1次リーグ終了後、各組上位2チームに入った計16チームで決勝トーナメントを行い、準決勝ベルギーに勝利したフランスと、イングランドをくだしたクロアチアが決勝へ進出。決勝戦はフランスが4対2でクロアチアをくだし、5大会ぶり2度目となるワールドカップ制覇を成し遂げた。なお決勝戦の前日には3位決定戦が行われ、ベルギーがイングランドに2対0で勝利を収めて3位となっている。大会の得点王は6点をマークしたイングランドのハリー・ケイン。
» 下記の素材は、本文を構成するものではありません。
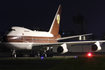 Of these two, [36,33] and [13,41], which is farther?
[36,33]

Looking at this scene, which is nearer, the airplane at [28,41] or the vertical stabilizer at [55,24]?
the airplane at [28,41]

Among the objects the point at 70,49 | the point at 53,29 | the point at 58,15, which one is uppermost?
the point at 58,15

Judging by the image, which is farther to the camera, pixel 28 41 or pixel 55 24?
pixel 55 24

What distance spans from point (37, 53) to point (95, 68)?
89.8 feet

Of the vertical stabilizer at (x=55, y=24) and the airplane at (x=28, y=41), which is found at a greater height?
the vertical stabilizer at (x=55, y=24)

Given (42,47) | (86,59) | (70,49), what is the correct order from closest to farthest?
(86,59) < (42,47) < (70,49)

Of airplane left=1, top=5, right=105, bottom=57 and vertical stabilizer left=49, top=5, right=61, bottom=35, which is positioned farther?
vertical stabilizer left=49, top=5, right=61, bottom=35

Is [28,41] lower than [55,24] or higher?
lower

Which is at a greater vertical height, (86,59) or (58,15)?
(58,15)

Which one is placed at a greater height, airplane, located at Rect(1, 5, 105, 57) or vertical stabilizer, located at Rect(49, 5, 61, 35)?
vertical stabilizer, located at Rect(49, 5, 61, 35)

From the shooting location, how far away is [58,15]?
156 feet

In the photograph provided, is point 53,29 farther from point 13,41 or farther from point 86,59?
point 86,59

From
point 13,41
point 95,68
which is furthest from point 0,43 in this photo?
point 95,68

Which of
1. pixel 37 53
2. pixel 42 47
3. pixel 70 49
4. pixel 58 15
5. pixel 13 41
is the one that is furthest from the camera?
pixel 70 49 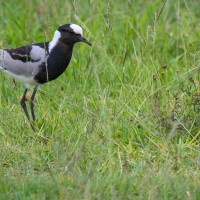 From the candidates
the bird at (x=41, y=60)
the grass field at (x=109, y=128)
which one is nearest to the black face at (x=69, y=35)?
the bird at (x=41, y=60)

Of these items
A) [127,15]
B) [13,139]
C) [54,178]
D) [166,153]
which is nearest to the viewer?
[54,178]

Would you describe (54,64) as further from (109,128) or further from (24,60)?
(109,128)

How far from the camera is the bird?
5.89 meters

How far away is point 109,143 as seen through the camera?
5.02m

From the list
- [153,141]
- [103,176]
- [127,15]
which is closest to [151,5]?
[127,15]

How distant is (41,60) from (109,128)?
3.59ft

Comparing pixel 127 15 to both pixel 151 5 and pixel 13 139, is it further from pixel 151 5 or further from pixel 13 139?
pixel 13 139

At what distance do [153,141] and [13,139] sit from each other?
99 centimetres

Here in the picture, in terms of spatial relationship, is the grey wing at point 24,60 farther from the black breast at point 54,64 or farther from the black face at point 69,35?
the black face at point 69,35

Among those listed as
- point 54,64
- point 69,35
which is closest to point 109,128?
point 54,64

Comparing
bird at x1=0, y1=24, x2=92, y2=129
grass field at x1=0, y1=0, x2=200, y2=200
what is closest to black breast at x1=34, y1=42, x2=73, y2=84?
bird at x1=0, y1=24, x2=92, y2=129

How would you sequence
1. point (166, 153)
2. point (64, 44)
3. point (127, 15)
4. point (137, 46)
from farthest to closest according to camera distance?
point (127, 15) → point (137, 46) → point (64, 44) → point (166, 153)

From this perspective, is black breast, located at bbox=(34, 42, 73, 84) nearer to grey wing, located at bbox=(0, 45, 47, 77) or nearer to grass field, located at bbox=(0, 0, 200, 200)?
grey wing, located at bbox=(0, 45, 47, 77)

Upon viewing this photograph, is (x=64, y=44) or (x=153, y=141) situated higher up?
(x=64, y=44) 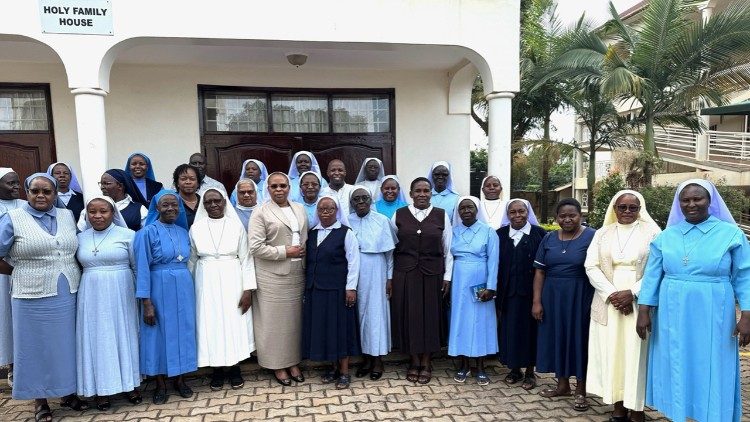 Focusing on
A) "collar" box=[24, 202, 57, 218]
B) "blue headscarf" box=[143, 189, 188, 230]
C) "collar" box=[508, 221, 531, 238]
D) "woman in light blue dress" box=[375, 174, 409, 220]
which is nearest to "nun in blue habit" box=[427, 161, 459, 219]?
"woman in light blue dress" box=[375, 174, 409, 220]

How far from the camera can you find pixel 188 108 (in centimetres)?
660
最優秀選手はクロアチアのルカ・モドリッチが選ばれた。
6大会連続6回目の出場となった日本は、1次リーグを1勝1敗1引き分けの2位となって、決勝トーナメントへ進出。しかしトーナメント初戦でベルギーに2対3で敗れ、ベスト8入りすることはできなかった。
大会は計64試合が行われ、総入場者数は3百3万1768人を記録。1試合平均4万7千人の観客を集めた。全ゴール数は169。そのうちフリーキック、コーナーキック、ペナルティーキック(PK)からの得点は43%の73点もあり、セットプレーからの得点の多さが目立った。特にPKによるゴールは過去最多の22を数えた。これにはワールドカップでは今大会から導入されたビデオ・アシスタント・レフェリー(VAR)が大きく影響。これまでは見落とされていたファウルをきっちりと映像で見て主審に助言する形で指摘し、正確な判定が行われるようになった。その一方で、VARからの助言を受けて主審が映像を確認するため試合が中断するというマイナス面についての声も数多く上がった。